> [Assignment]
Please write out exactly the lines from the one with "Outlet Мужские шорты" through the end of the data below, both ends included, and omit any pictures.

> [Data for the task]
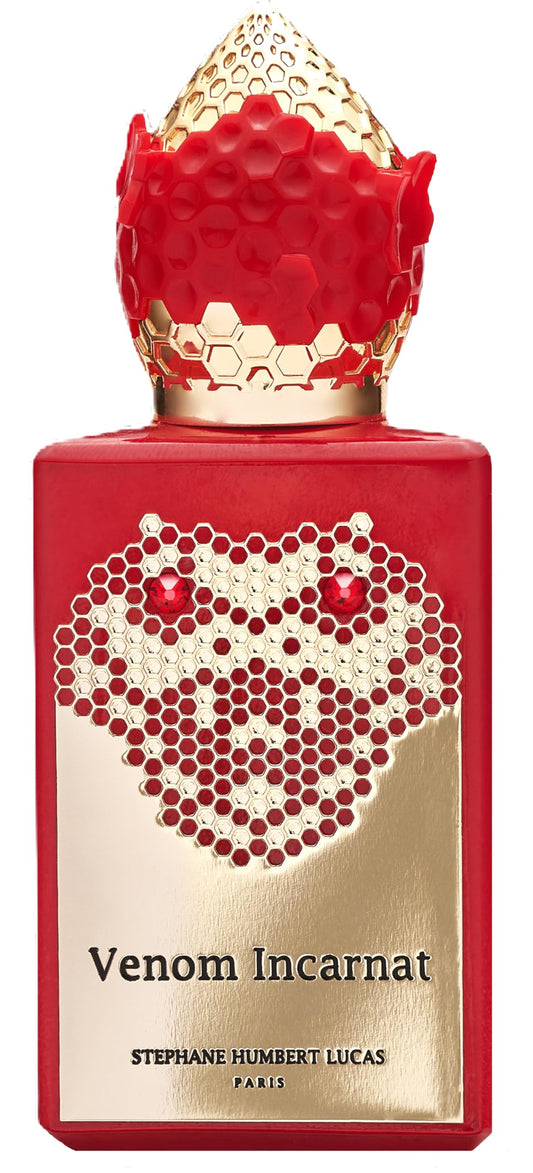 STEPHANE HUMBERT LUCAS Venom Incarnat Eau De Parfum 50 Ml Beauty & Personal Care STEPHANE HUMBERT LUCAS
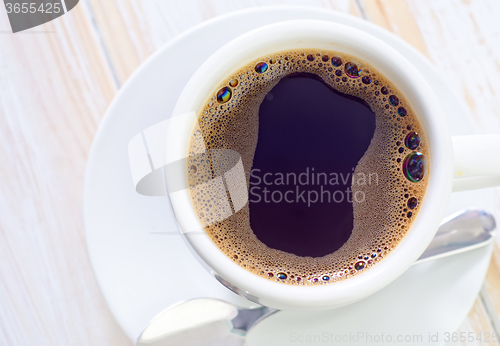 Image of coffee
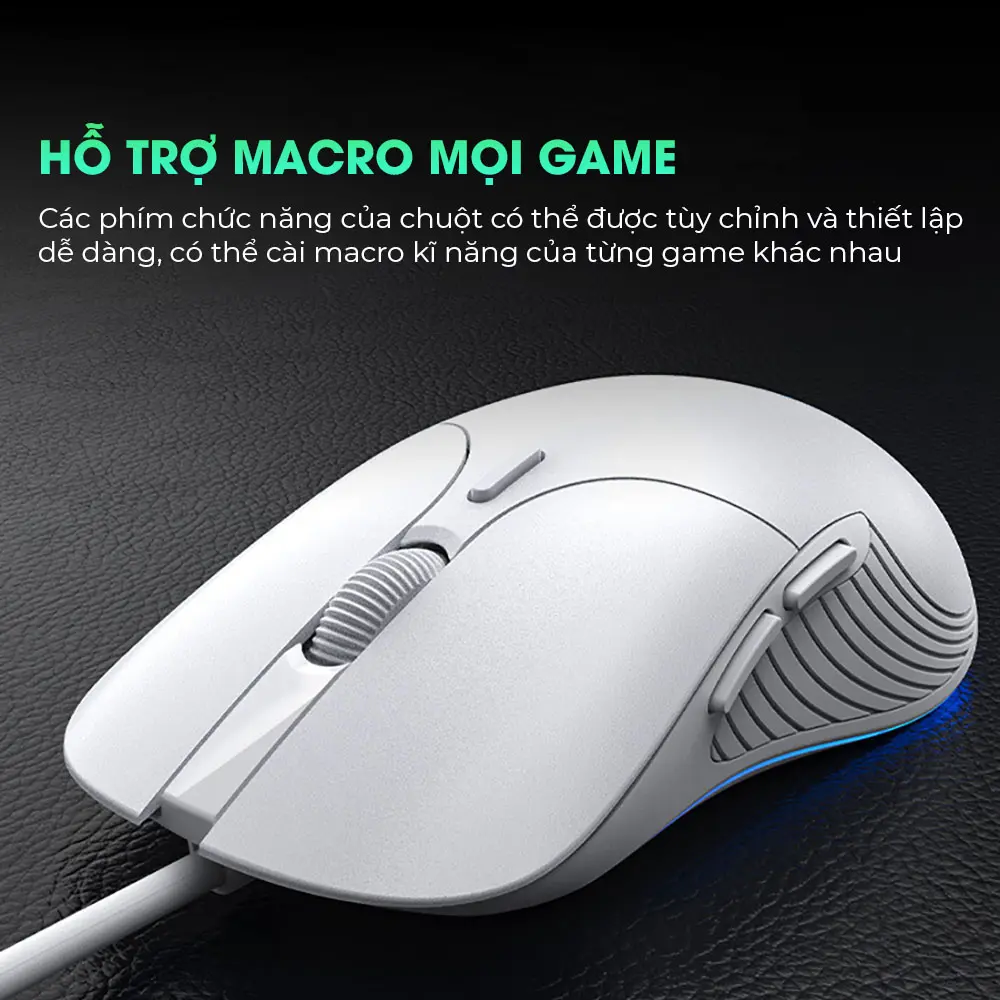 Chuột máy tính gaming SIDOTECH INPHIC PB1 có app hỗ trợ macro game pubg liên minh 8800 DPI thiết kế công thái học ôm tay viền chống trượt có LED 4 màu tắt âm silent click văn phòng | BigBuy360 - bigbuy360.vn Chuột máy tính gaming SIDOTECH INPHIC PB1 có app hỗ trợ macro game pubg liên minh 8800 DPI thiết kế công thái học ôm tay viền chống trượt có LED 4 màu tắt âm silent click văn phòng | BigBuy360 - bigbuy360.vn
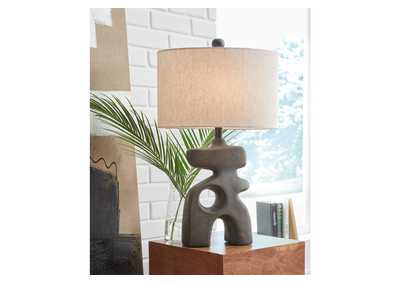 Danacy Table Lamp (Set of 2),Signature Design By Ashley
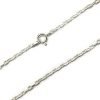 Cadena Forcet 2mm 50cm Plata 925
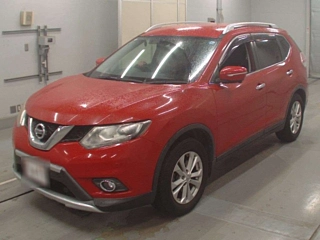 NISSAN X TRAIL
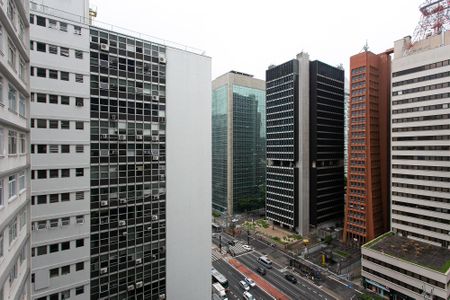 Apartamento para alugar com 30m², 1 quarto e sem vagaVista do Quarto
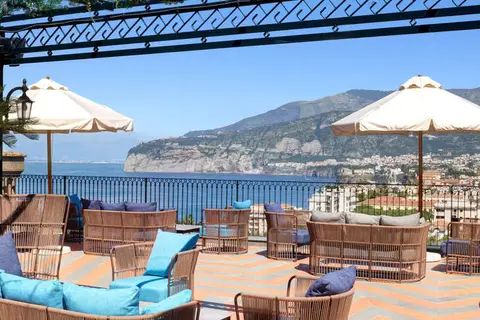 Grand Hotel Capodimonte in Sorrento, foto 7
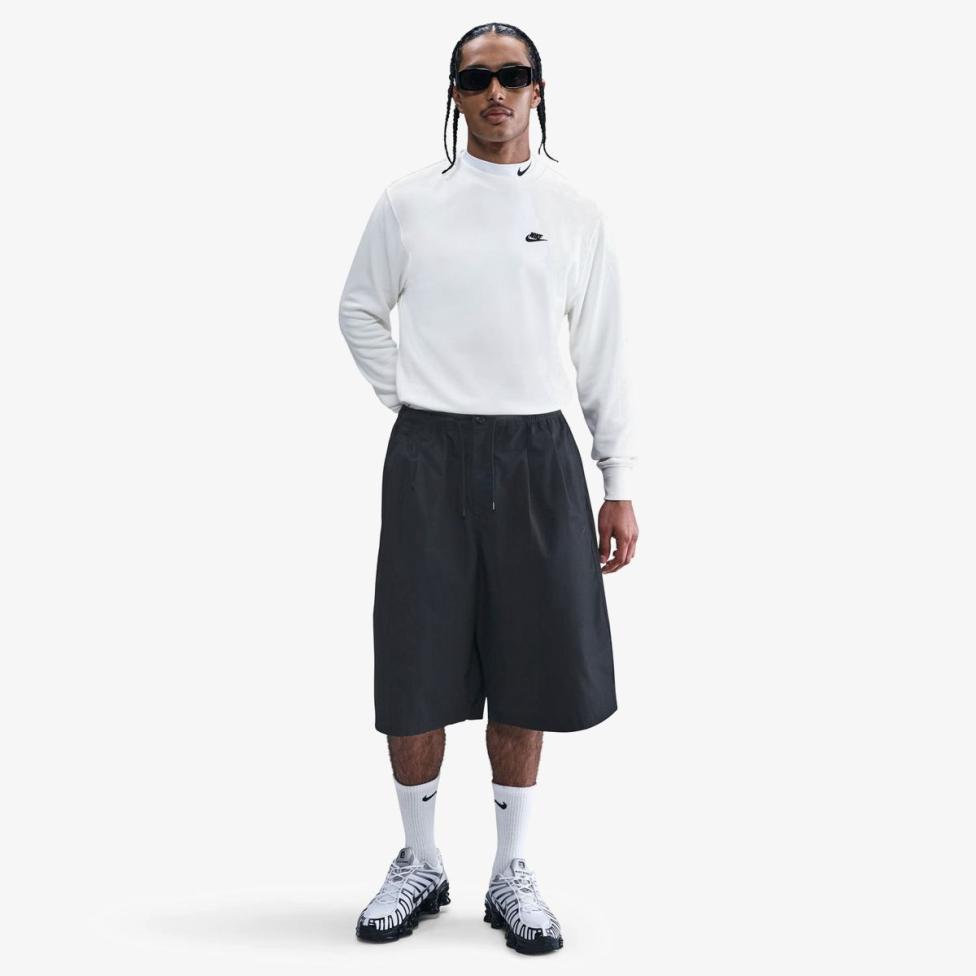 Outlet Мужские шорты NIKE M NK CLUB SEOUL SHORT OS HJ2540-010_image_4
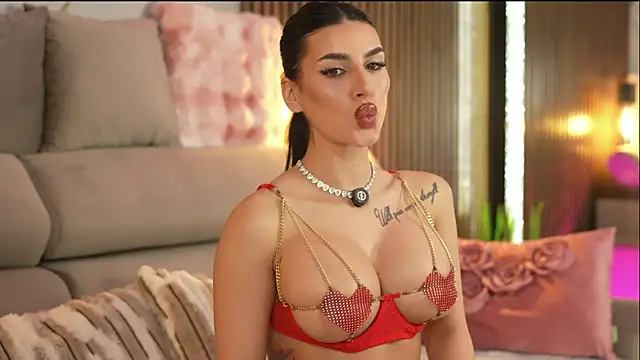 Show de webcam de AmyBlair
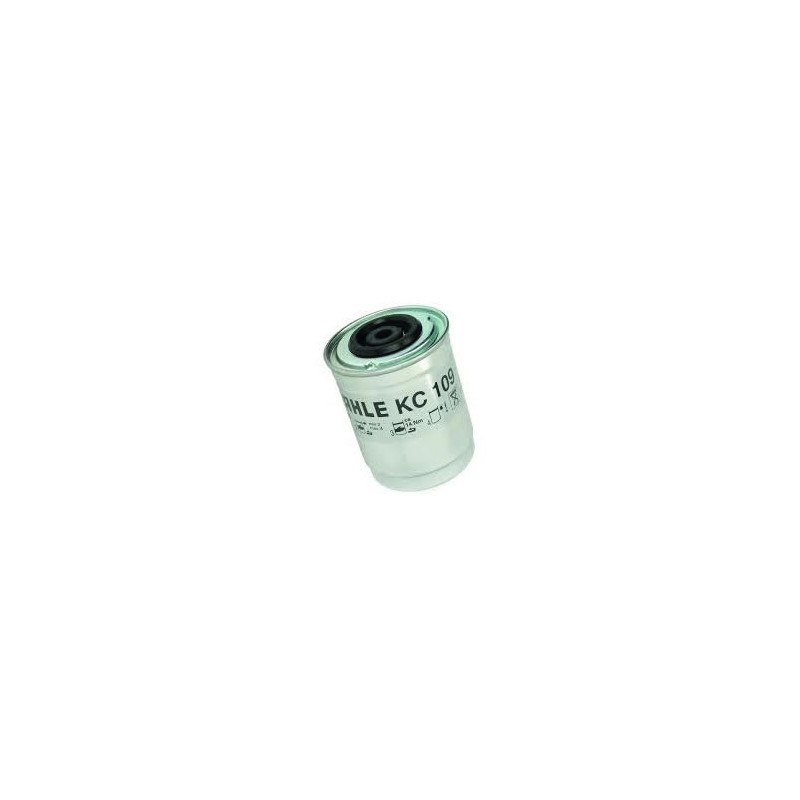 FILTRO DE COMBUSTIBLE (DIESEL) MAHLE KC 109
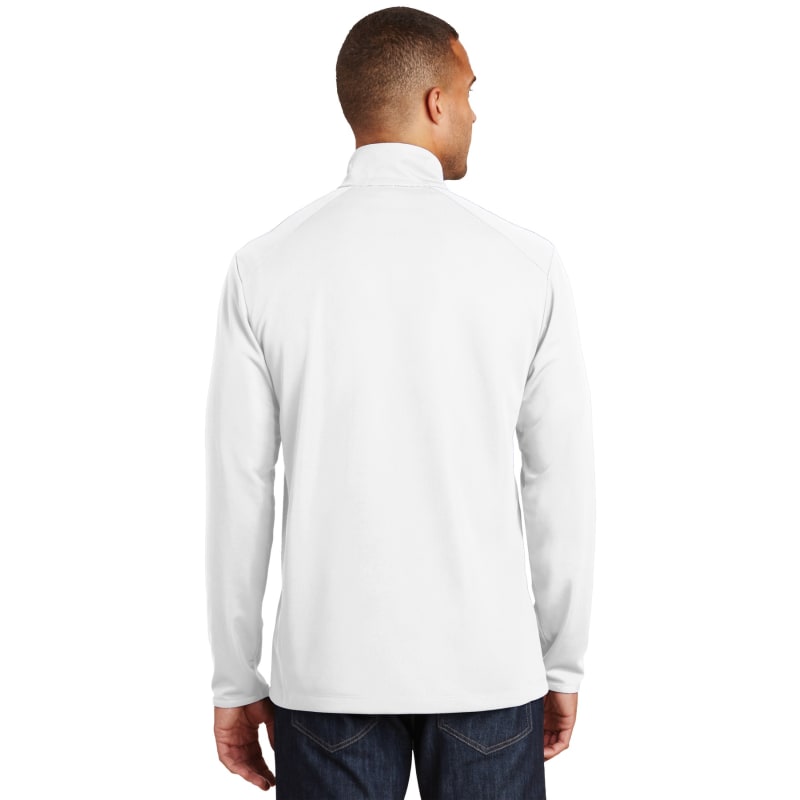 Port Authority Pinpoint Mesh 1/2-Zip. 22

> [Solution to the exercise]
 Outlet Мужские шорты NIKE M NK CLUB SEOUL SHORT OS HJ2540-010_image_4
 Show de webcam de AmyBlair
 FILTRO DE COMBUSTIBLE (DIESEL) MAHLE KC 109
 Port Authority Pinpoint Mesh 1/2-Zip. 22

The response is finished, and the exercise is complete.